Resident poet and rock and roll star Harold Whit Williams is in the midst of a project to catalog the KUT Collection, obtained a few years ago and inhabiting a sizable portion of the Historical Music Recordings Collection (HMRC).
Being that he has a refined sense of both words and music, Whit seems like a good candidate for exploring and discovering some overlooked gems in the trove, and so in this occasional series, he’ll be presenting some of his noteworthy finds.
Lisa Mills / Tempered in Fire
Gorgeous-sounding blues-rock soul from Mobile, Alabama’s Lisa Mills. With her force-of-nature vocals, warm analog tape capture, and a rootsy UK backing band (featuring guitarist Andy Fairweather Low), Mills simply stupefies on these Memphis and Muscle Shoals-inspired tracks. Standouts include a touching take on Otis Redding’s These Arms of Mine, as well as the Stax stomp of Why Do I Still Love You?

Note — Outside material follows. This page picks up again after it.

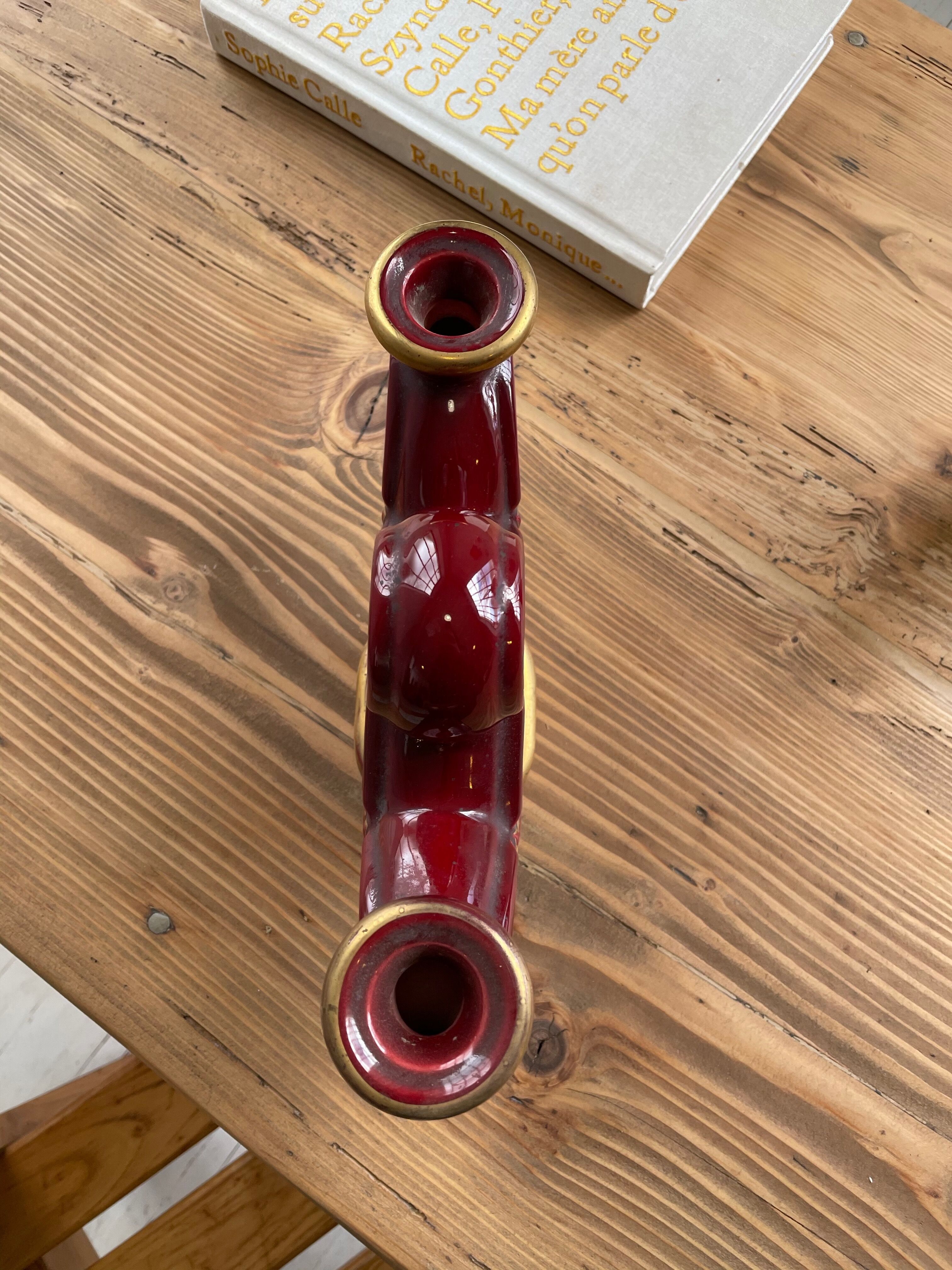Vintage Vallauris red ceramic candlestick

The Bell / Make Some Quiet
Post-punk Swedish indie rock never sounded so sweet. Stockholm’s The Bell certainly enjoys twiddling around with synthesizers and drum loops, but it’s that retro guitar jangle up loud in the mix that really rings out to prove their true intent. While Make Some Quiet nods to the synthpop of New Order and Echo & the Bunnymen, there’s something else entirely unique going on here. Call it Nordic new-wave for now people.
J Dilla / The Shining
This posthumous collection cements James “J Dilla” Yancey’s place as a giant in the hip-hop world. Producer, rapper, and instrumentalist, he pioneered playing his Akai drum machine live (as opposed to programming it), giving his beats a human feel. Guest MC’s include Common, Black Thought, and Pharoahe Monch, but it’s Dilla’s deep vibing backing tracks that showcase what a colossal influence he was.
John Fremgen / Pieces of String
UT Austin Butler School professor John Fremgen may spend his days teaching music theory and improvisation, but this monster bassist truly educates with his master class for the jazz trio, Pieces of String. Pianist Shelly Berg and drummer Peter Erskine hold their own on this sublime set of standards (Monk, Waldren, Thad Jones), and compliment with a delicate charm on the elegant Fremgen original For A Better Day.
Casino / Volcanes
The Chilean musical response to Britpop’s Oasis, Casino lays down top-notch heavy-handed stadium rock and roll with just the right amount of a Euro shoegaze sheen. From the album’s opening guitar feedback wash, and on through fist-pumping tracks like Velvet, Vicio, and Para Estallar, the stacked amplifiers cranked-up-to-eleven outdoor festival vibe does not disappoint. Party like it’s 1999, indeed.
[Harold Whit Williams is a Content Management Specialist in Music & Multimedia Resources. He writes poetry, is guitarist for the critically acclaimed rock band Cotton Mather, and releases lo-fi guitar-heavy indie pop as DAILY WORKER.]